Очень легко бывает взрослым, педагогам и приемным родителям решить, что ребенок ненормальный, больной, злой, озлобленный, неблагодарный, ещё какой-то. А сплошь и рядом за этим стоит просто переживание горя в ситуации, когда ты переживаешь его один, когда никто твоего горя не признаёт, когда никакой помощи и поддержки ты не получаешь, и все хотят, чтобы ты скорее стал довольным, благополучным, счастливым ребенком. В этих условиях детское горе может приобретать очень причудливые формы, пугающие, разрушительные для самого ребёнка и для окружающих.

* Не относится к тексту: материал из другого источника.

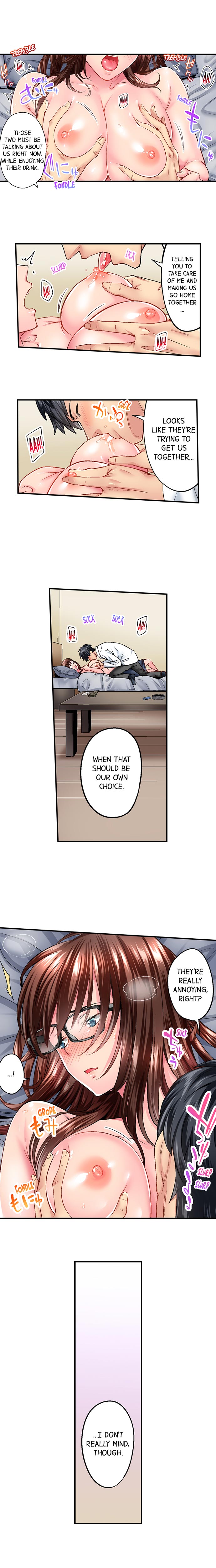 Jimiko wa Igai ni Erokatta Ch. 1-12 page 46
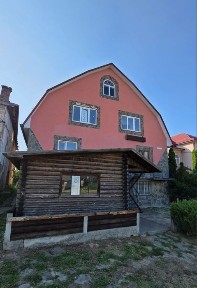 Чернівецька область, Хотин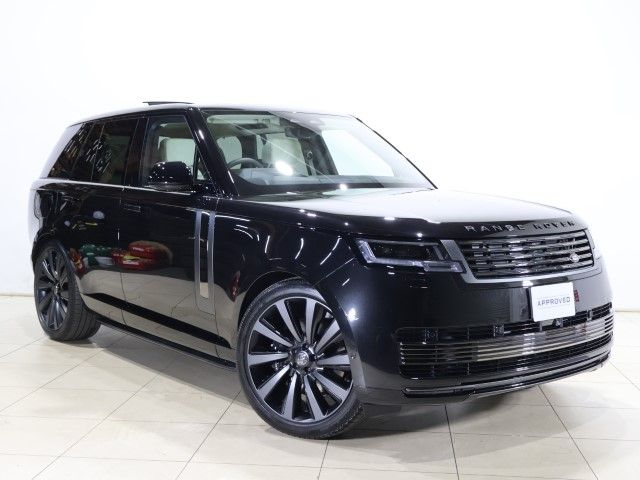 ROVER RANGE ROVER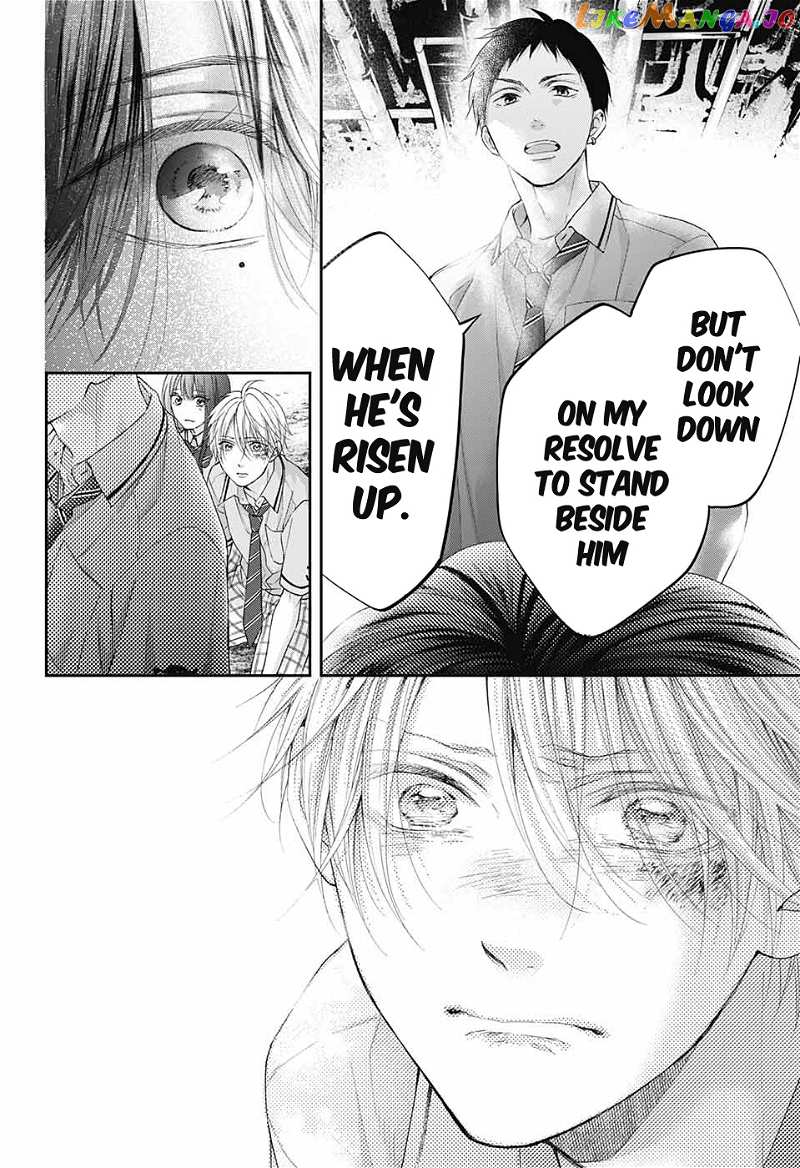 Kono Oto Tomare! Sounds Of Life chapter 107 - page 22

Про это надо знать и это надо уметь обезвреживать.

Самый лучший способ — профилактика. Самый лучший способ чтобы рядом с каждым ребёнком, который сталкивается с горем, потерей, а это неизбежно, нет ни одного детства, которое бы прошло без потерь.
Может быть, кому-то повезло и он не потерял близких, но точно будут какие-то потери друзей, домашних животных, места жительства, ещё чего-то. Чтобы с каждым ребенком, который проживает горе и потерю рядом был взрослый, который понимает, как устроено детское горе, знает, умеет помочь, поддержать и таким образом горе не становится осложненным и не образуются на долгие годы центры напряжения, вокруг которых громоздятся защиты, мешая жить полноценной жизнью.